Robotics in Manufacturing

Coordinates

Base Frame

The base frame is the Cartesian coordinate system fixed at the robot's mounting base, serving as the reference origin from which the arm's motion and other frames are measured.

What it is

The base frame is the coordinate system anchored to the physical base of the robot, the plate or casting where the arm is bolted to the floor, pedestal, or fixture. Its origin sits at the mounting base and it doesn't move when the arm moves, which makes it the stable reference everything else hangs off.

On many FANUC systems the world frame coincides with the base frame unless you deliberately offset it. That's why people use the two terms loosely. They stay separate concepts: the base frame is tied to hardware, the world frame is the software reference that may or may not sit on top of it.

How it actually works

The base frame is three axes at the mounting flange: X and Y in the plane of the base plate, Z pointing straight up along the axis of rotation of the first joint. When you jog the robot in Cartesian mode relative to this frame, +Z moves the tool straight up regardless of how the arm is folded, because the frame stays put while the joints solve the pose.

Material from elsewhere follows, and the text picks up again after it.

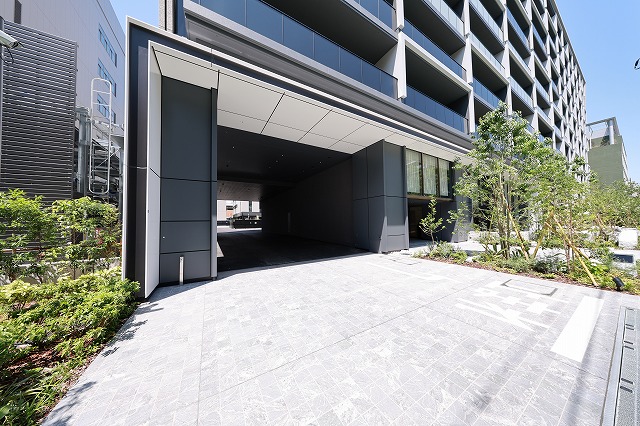 エントランス　エントランス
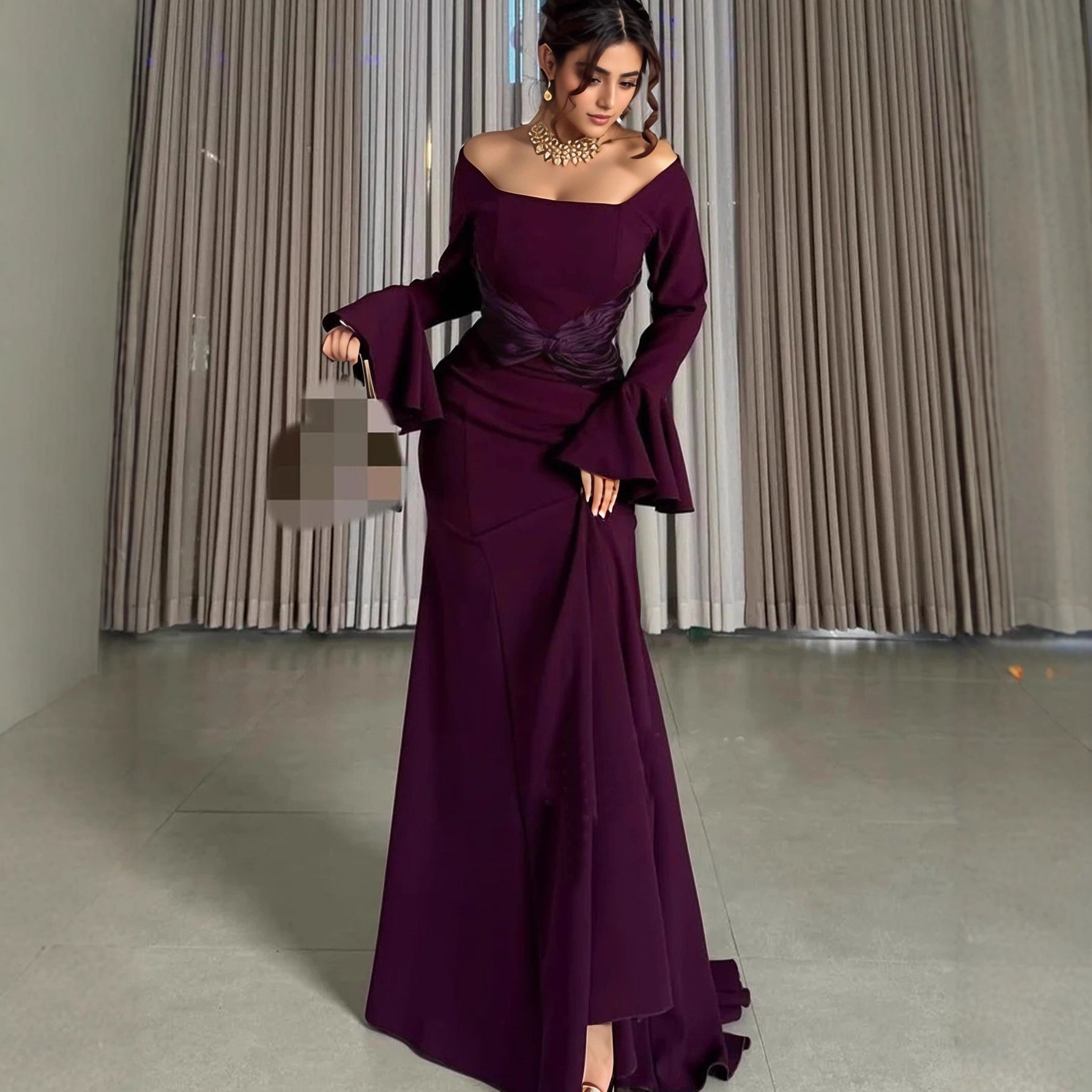 Robe cintrée à manches longues et épaules dénudées avec volants et coutures apparentes pour femme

User frames and the tool center point are all defined relative to this reference. Set up a 3-point user frame on a fixture and the controller stores that frame as an offset from the base/world origin, so a base that's been surveyed or shimmed out of level shifts every downstream frame with it. Get the base reference wrong and every taught position inherits the error.

XZY

How it differs

  • World Frame · The base frame is fixed to the robot's physical mounting base; the world frame is the software reference that, on many FANUC controllers, coincides with the base frame by default but can be offset from it (for example to line up multiple robots or a shared cell origin).
  • User Frame · A user frame is an application-specific coordinate system a technician defines on a fixture or workpiece, expressed as an offset from the base/world frame. The base frame is the fixed origin those user frames are measured against.
  • Tool Frame (TCP) · The tool frame rides on the faceplate and moves with the wrist; the base frame stays anchored to the floor. Jog in base and the origin never moves; jog in tool and the reference travels with the end-of-arm tooling.

Where you meet it in the field

  • FANUC M-20iD/25 · The base frame origin sits at this arm's mounting base, where it bolts to the floor or pedestal.
  • 3-point user frame setup · User frames are taught as offsets from the base/world frame, so the base reference is what your three points are ultimately measured against.

Common questions

Are the base frame and world frame the same thing?
On many FANUC systems they coincide out of the box, so people treat them as one. They stay distinct concepts: the base frame is tied to the physical mounting base, while the world frame is a software reference you can offset from the base, which matters when you're aligning multiple robots to a shared cell origin.
If I mount the robot on a tilted surface, does the base frame stay level?
No. The base frame is fixed to the robot's base, so it tilts with the mounting. Its Z axis follows the first joint's axis of rotation rather than gravity. If you need a level reference on a tilted mount, that's what an offset world frame or a taught user frame is for.
Do my taught points move if I re-survey the base?
Points taught relative to a user frame follow that frame if you redefine the base or world reference under it. Points taught in a fixed frame don't automatically shift, so re-establishing the base reference after a move is a real chance to introduce error across every downstream position. Confirm your frames before running production.